Showing good examples as parents is very important when raising children and would definitely be a solution to help reduce this alarming rate. Nevertheless, many still take their children with them to bars, practically insisting that their child’s first experience with alcohol be in their presence. A survey taken by the University of São Paulo (UNIFESP), reports that 46% of adolescents had their first alcoholic drink at home. Many parents ignore the fact that they need to be careful with alcoholic beverages because, although lawful, they’re still considered a drug. Still, it’s the preferred drug among young adolescents, with the starting age being approximately 12.5 years old.
The increasing use of this legal drug early on in life may or may not be due to hanging out with the wrong crowd or the lack of guidance and family structure. Sometimes parents aren’t a part of their child’s life, leaving them exposed to the hidden dangers behind music, artists, films and parties. This is often the excuse they use for their use of narcotics.

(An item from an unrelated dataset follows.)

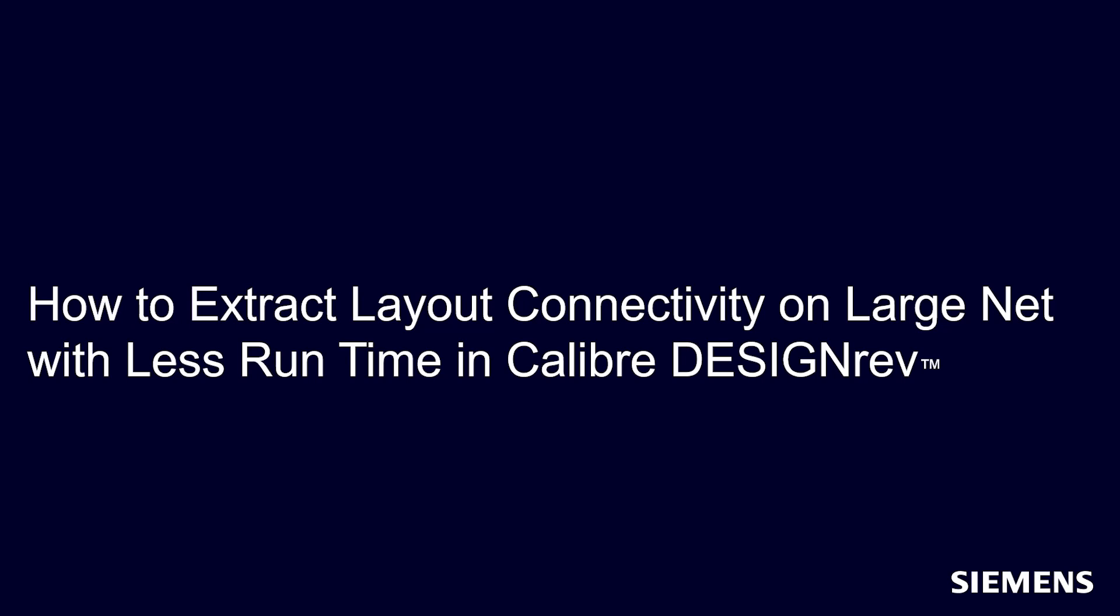Hello and welcome to our channel. In this video, I will demonstrate how to extract layout connectivity on a large net with less runtime in Calibre Design Rev.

Perhaps the idea of our youth being gradually reduced to powder, alcohol, pills, tobacco and the pipe might be pessimistic but if the portrait of our future is that boy in the subway, it’s hard to think that the country’s future is in good hands if young people are deteriorating at such an early age. Society must rethink it’s concept of values and principles, so that its proselytizing and dogmatic views don’t control people’s minds and intelligence, making them believe that God is behind all of humanities miseries and misfortunes.